Abstract

The widespread notion that women in capitalist and socialist agriculture occupied similar positions will be questioned in this article by use of a variety of sources and interview materials: it is necessary to discuss professional qualifications, the experience of work and training as well as family structures in two periods, the 1960s and the 1980s. Is the term ‘modernisation’ appropriate for this finding, and what can be found in the concrete sources? Local examples will be evaluated on the basis of the parish of Brodowin, which is today part of the Schorfheide-Chorin district, approximately 60 kilometres north-east of Berlin, and Klützer Winkel, a village in Mecklenburg-Vorpommern not far from the old border between East and West Germany. Further consideration is given to working conditions after the ‘change of system’, when the impact of the Agriculture Adjustment Act could be felt by those concerned.

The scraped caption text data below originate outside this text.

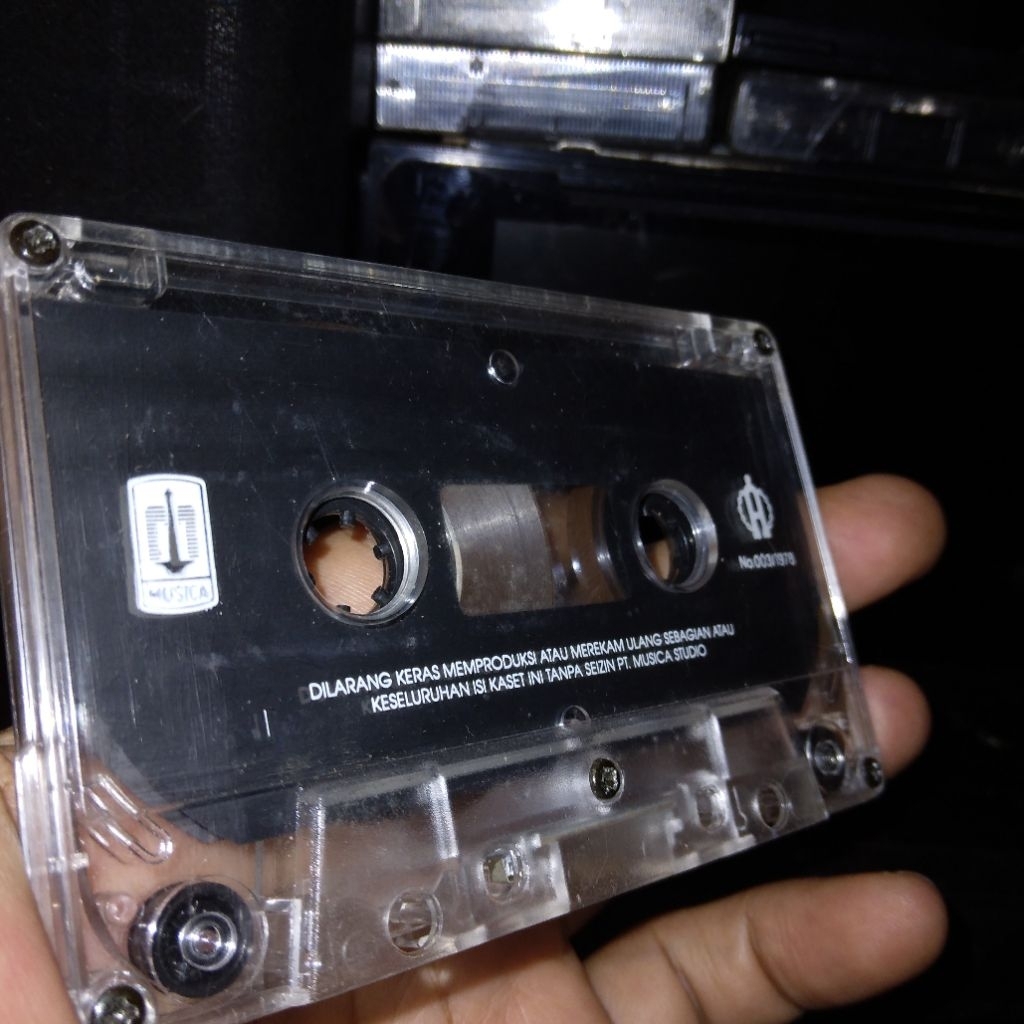 Kaset Chrisye kompilasi no cover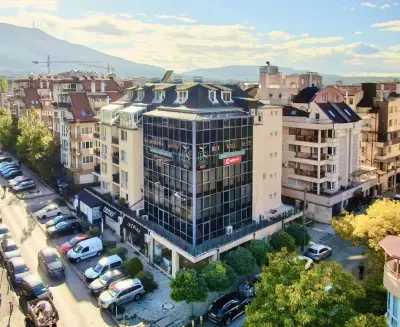 Недвижими имоти RS ESTATES/РС ЕСТЕЙТС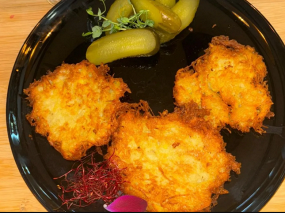 Placki ziemniaczane z sosem węgierskim (200g)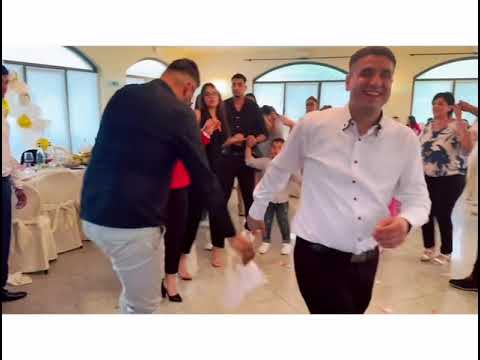 Vallja anxhelinos nga Spartak Kurteshi dhe Mateo Caka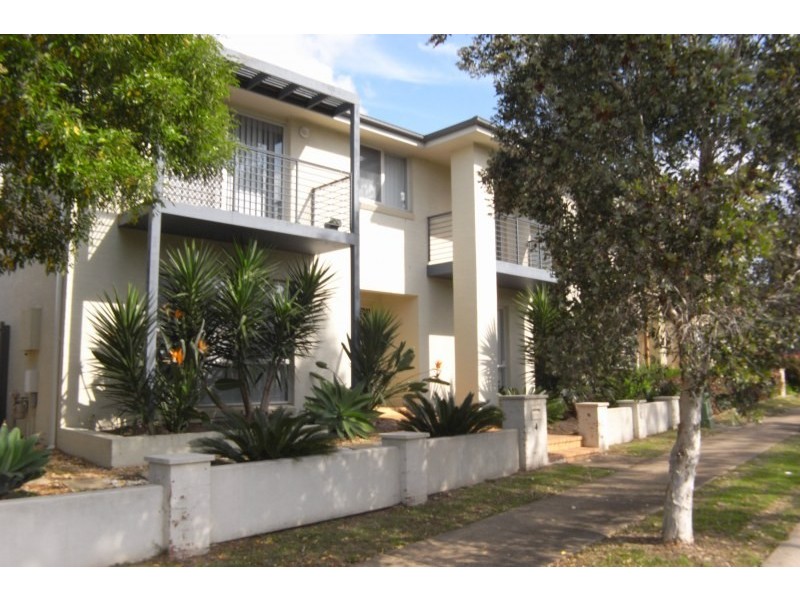 4 Castleford Terrace, Stanhope Gardens NSW 2768
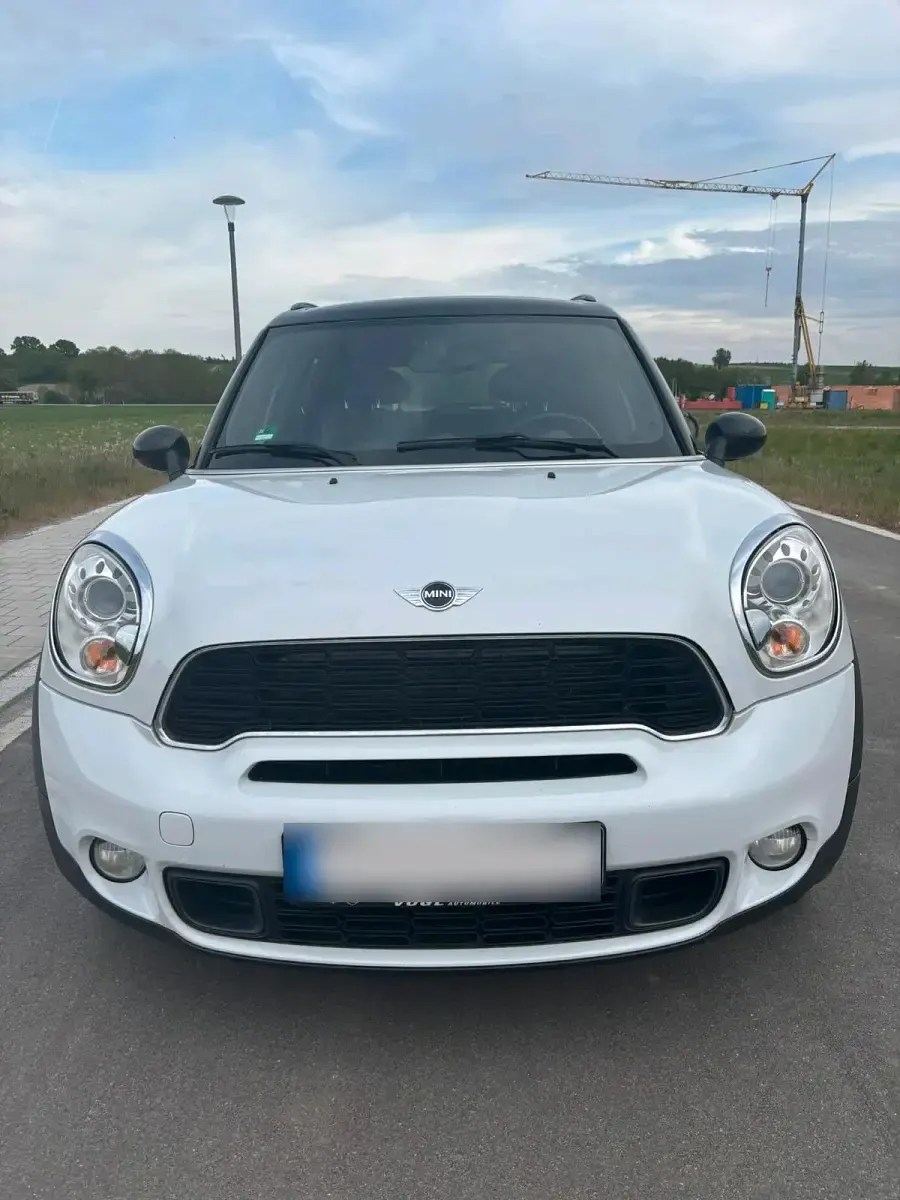 Usata Mini Cooper S Countryman 184 CV (135 kW) 2011 Bianco SUV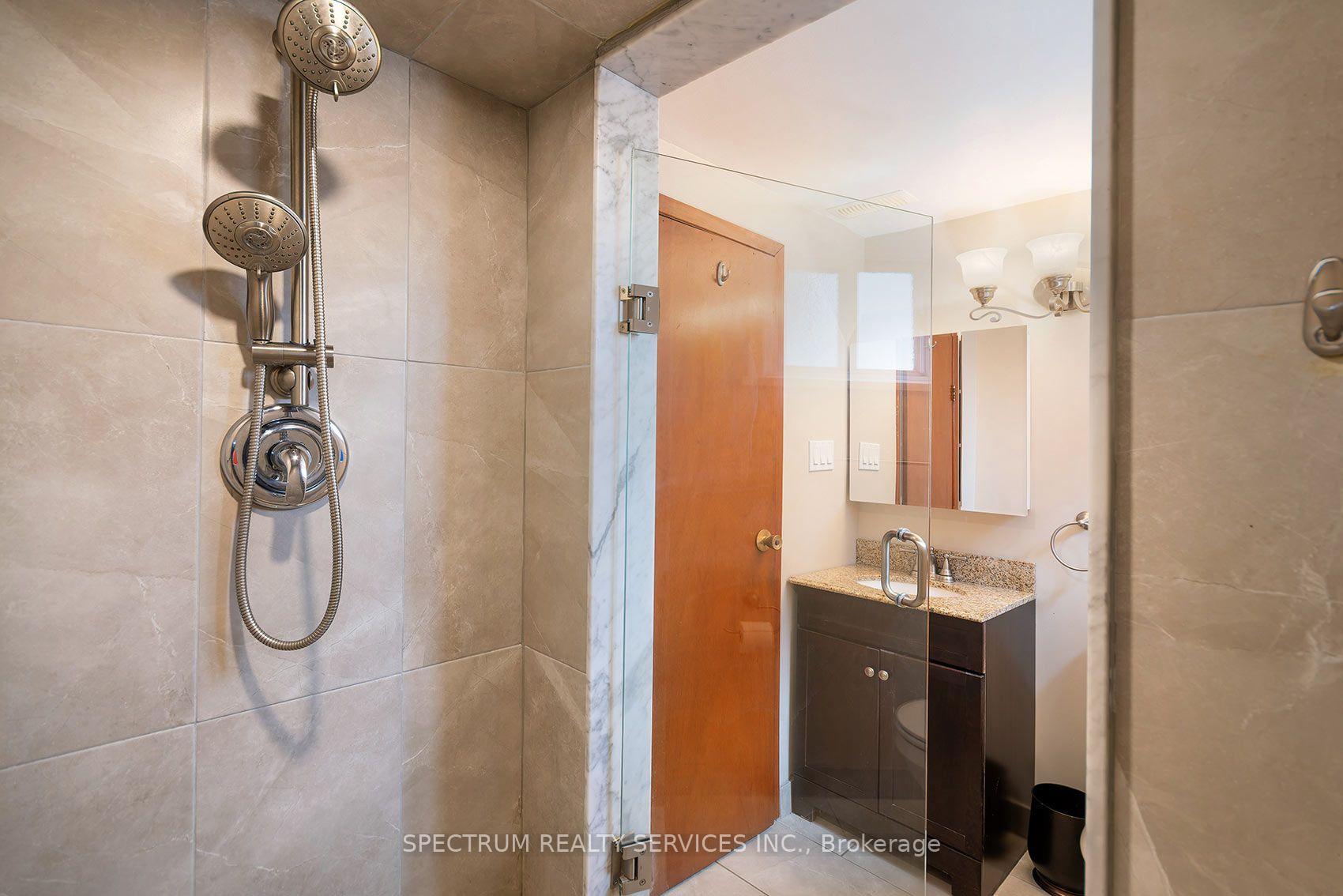 Photo 35 of 37 Jocada Road, North York, Maple Leaf — HOMEH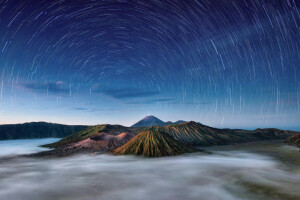 aktívna sopka Bromo, Indonézia, Jáva, dopoludnia, hviezdy, obloha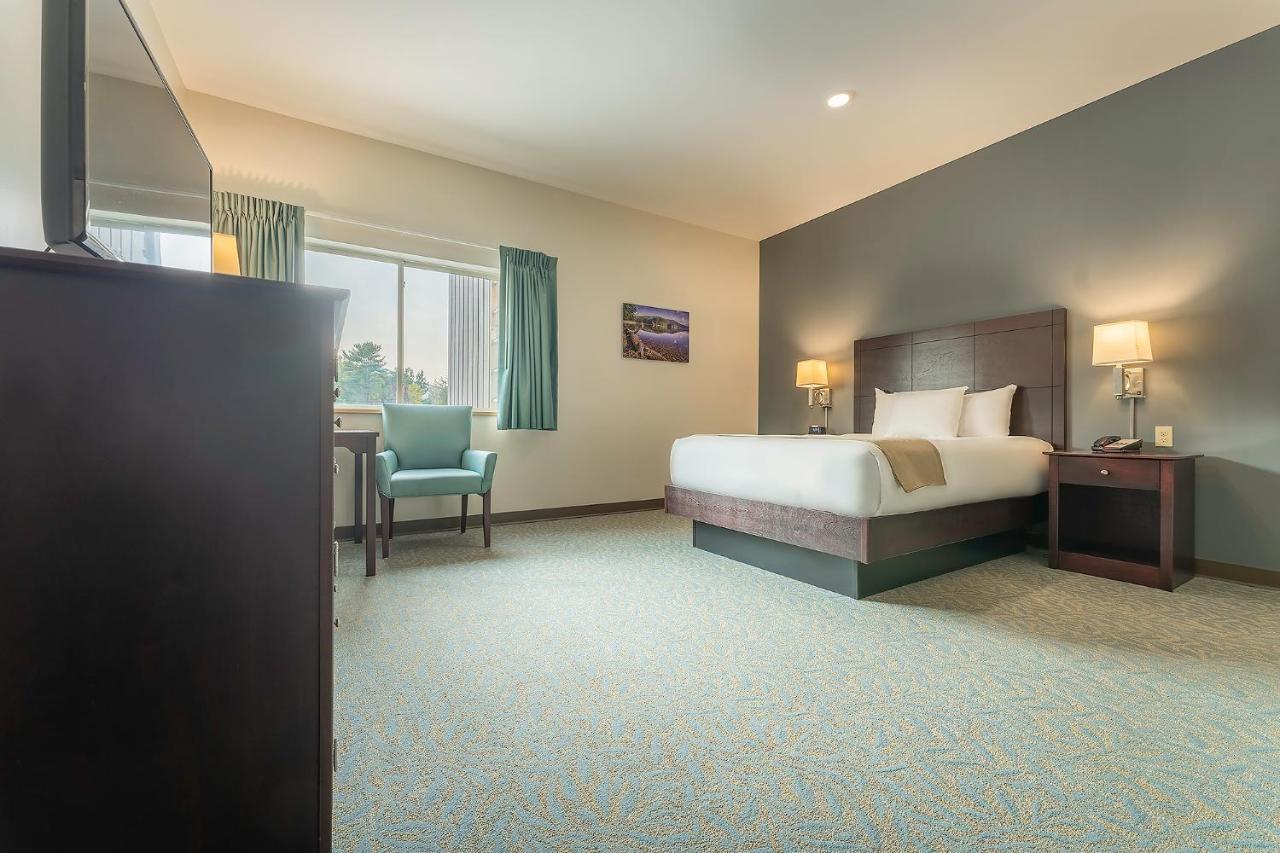 Signature, 2 queen beds, mobility accessible room
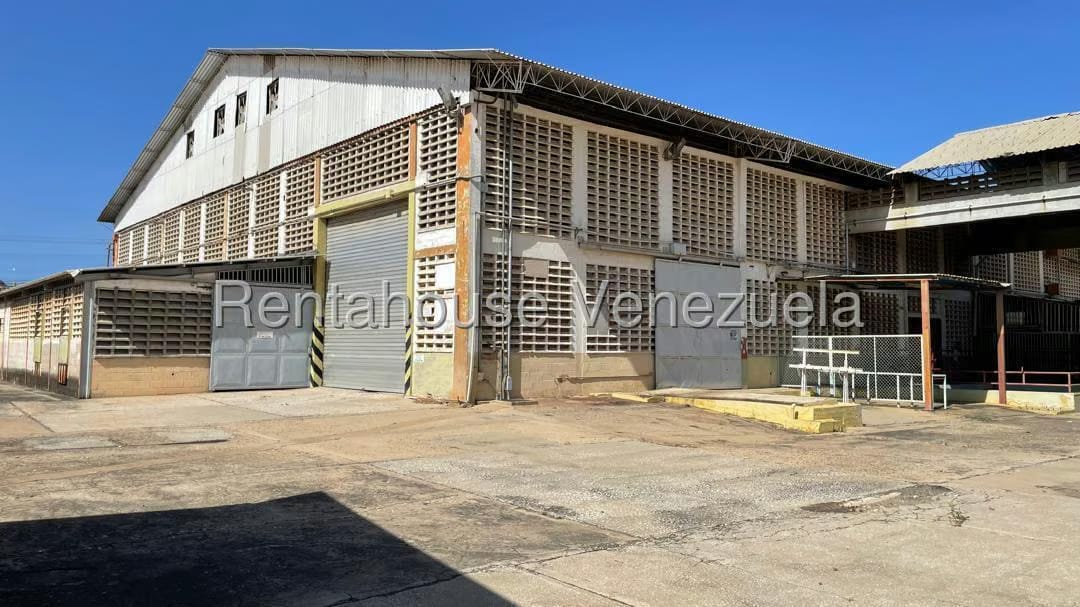 Comercial (Galpon - Deposito) en Venta en Zona Industrial Sur, Zulia - 43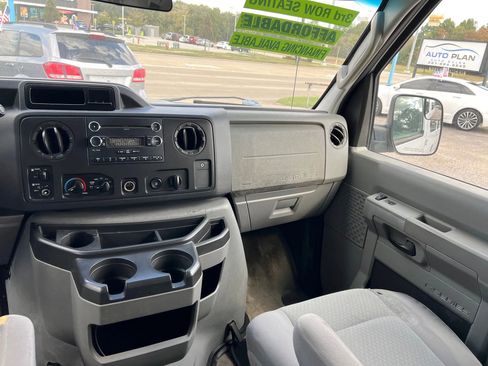 Used 2011 Ford E-150 and Econoline 150 image 19
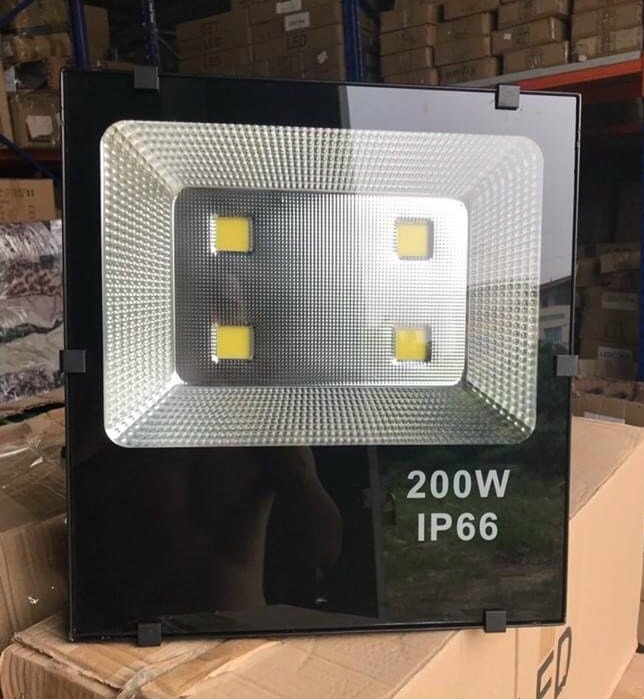 den-pha-led-200w-kavens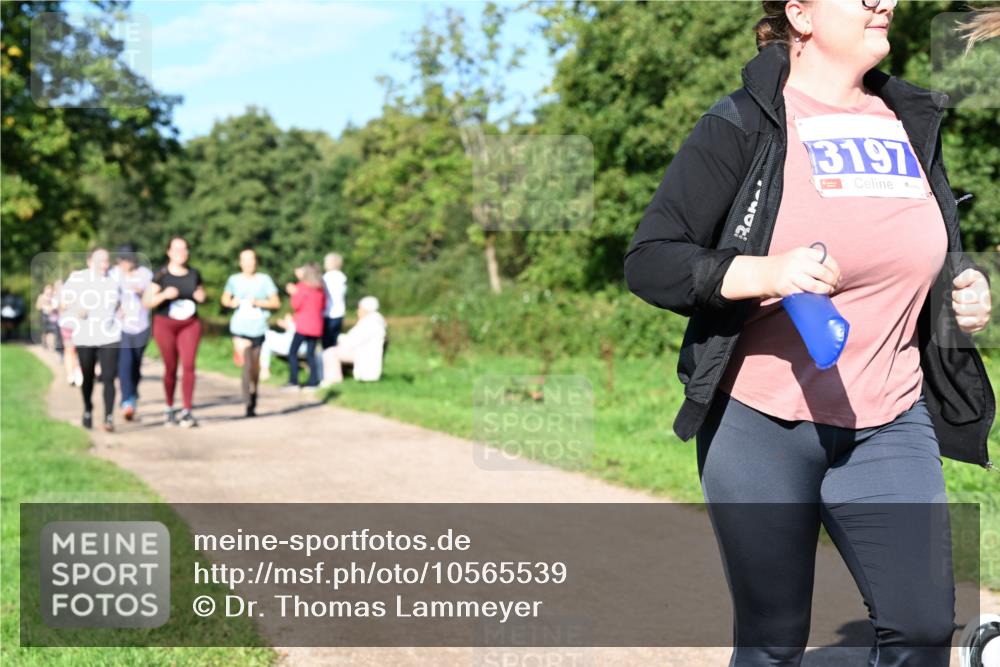 27.09.2026 - 35. Volkslauf durch das schöne Alstertal Dr. Thomas Lammeyer http://msf.ph/oto/10565539 27.09.2026 10:37:43 Laufen 3197 meine-sportfotos.de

Overall, in the last two decades, economic and social conditions have resulted in a situation where women have been unable to use positively their professional qualifications, their own income, their own social and old-age insurance, specific women’s rights or their self-determined non-family childcare experience (nurseries, kindergartens, school day-care centres) What role did one’s own experience in the field of professional qualifications play, for different age-groups of female workers, in terms of developing options for coping with the situation of social collapse in the 1990s? How does this relate to decisions about migration and especially about the process of deciding to move away from rural areas?